On Wed, Feb 19, 2020 at 10:03 AM Haisheng Yuan  wrote:
>
> Hi Christian,
>
> For the query in your example, Calcite first generates inner join plan with 
> aggregate child, then through SemJoinRule transform the inner join to semi or 
> antisemi join. The reason to have inner join is that it allows join 
> commutativity, which is good for generating a potential better plan with 
> nestedloop join or hash join.
>
> Admittedly, this process in Calcite is counter intuitive.

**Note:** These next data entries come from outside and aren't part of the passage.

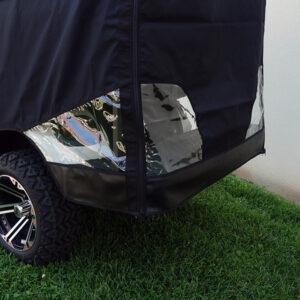 Odyssey Enclosure, 88'' RHOX Top Black, E-Z-Go TXT 14+ - Image 2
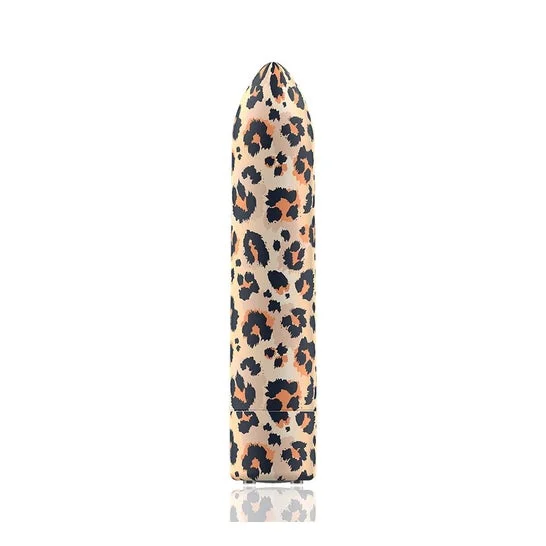 Proiettili personalizzati ricaricabili vibranti Leopard 10V 1 pezzo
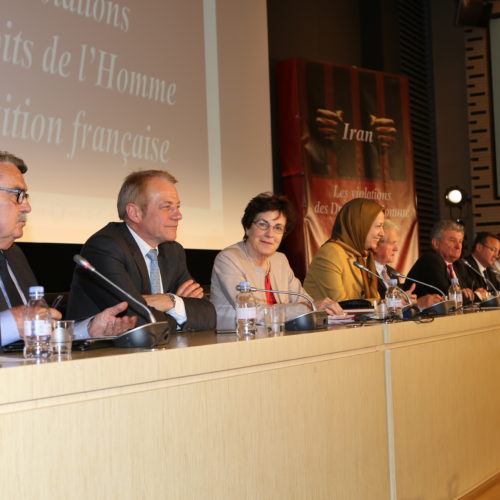 Maryam Rajavi, French Parliament- May 6, 2014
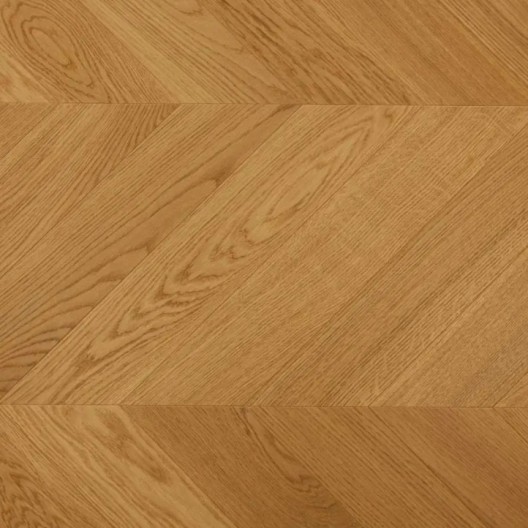 Podłoga drewniana Weitzer Parkett Jodła Weitzer Blok 750 Plus Dąb Naturalny 45° Calm 79729 10.3mm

It should be in 
> reverse order, first generate a semi or anti-semi join, then generate an 
> inner/outer join.
>
> - Haisheng
>
> --
> 发件人:Christian Beikov
> 日 期:2020年02月19日 21:12:13
> 收件人:
> 主 题:Translation of SQL EXISTS
>
> Hello,
>
> I'm a bit confused about how the SQL EXISTS predicate is translated. I'd
> assume that an EXISTS is translated in relational algebra to a SEMI- and
> NOT EXISTS to an ANTI-join, but it's not.
>
> PlannerImpl p = new PlannerImpl(config);
> SqlNode sqlNode = p.parse("delete from _order o where exists (select 1
> from order_position p where o.id = p.order_id)");
> p.validate(sqlNode);
> RelRoot rel = p.rel(sqlNode);
> RelToSqlConverter sqlConverter = new RelToSqlConverter(dialect);
> SqlImplementor.Result result = sqlConverter.visitChild(0, rel.rel);
> sqlWriter.format(result.asStatement());
>
> Worse, when printing this, I only get DELETE FROM "public"."_order" i.e.
> the EXISTS part is not rendered. This is the plan I get.
>
> LogicalTableModify(table=[[adhoc, _order]], operation=[DELETE],
> flattened=[true])
>LogicalProject(inputs=[0])
>  LogicalProject(inputs=[0], exprs=[[CAST($1):BIGINT, CAST($2):BOOLEAN]])
>LogicalJoin(condition=[=($0, $1)], joinType=[inner])
>  JdbcTableScan(table=[[adhoc, _order]])
>  LogicalAggregate(group=[{0}], agg#0=[MIN($1)])
>LogicalProject(exprs=[[$1, true]])
>  JdbcTableScan(table=[[adhoc, order_position]])
>
> I'd expect something along the lines of
>
> LogicalTableModify(table=[[adhoc, _order]], operation=[DELETE],
> flattened=[true])
>LogicalProject(inputs=[0])
>LogicalJoin(condition=[=($0, $1)], joinType=[semi])
>  JdbcTableScan(table=[[adhoc, _order]])
>  JdbcTableScan(table=[[adhoc, order_position]])
>
> and for NOT EXISTS
>
> LogicalTableModify(table=[[adhoc, _order]], operation=[DELETE],
> flattened=[true])
>LogicalProject(inputs=[0])
>LogicalJoin(condition=[=($0, $1)], joinType=[anti])
>  JdbcTableScan(table=[[adhoc, _order]])
>  JdbcTableScan(table=[[adhoc, order_position]])
>
> Am I missing something and the current aggregate function translation
> makes sense?
>
> I constructed relational algebra structures for some other statements
> with SEMI- and ANTI-joins and already noticed that these join types
> weren't handled in
> org.apache.calcite.rel.rel2sql.RelToSqlConverter#visit(org.apache.calcite.rel.core.Join),
> which I fixed locally. Is the lack of a translation intentional?
>
> Is such a translation of SEMI- and ANTI-join to EXISTS and NOT EXISTS an
> over-simplification or would you say it's correct? As far as I
> understood from https://en.wikipedia.org/wiki/Relational_algebra this is
> correct.
>
> I'd be happy to contribute that back. I didn't look into the Sql-to-Rel
> translation for EXISTS and NOT EXISTS to SEMI- and ANTI-join yet, but I
> assume that's not that hard and I could add that.
>
> Regards,
>
> Christian
>
>


Re: Translation of SQL EXISTS

2020-02-20 Thread Christian Beikov

Alright, so here is the PR for the Rel-to-Sql translation.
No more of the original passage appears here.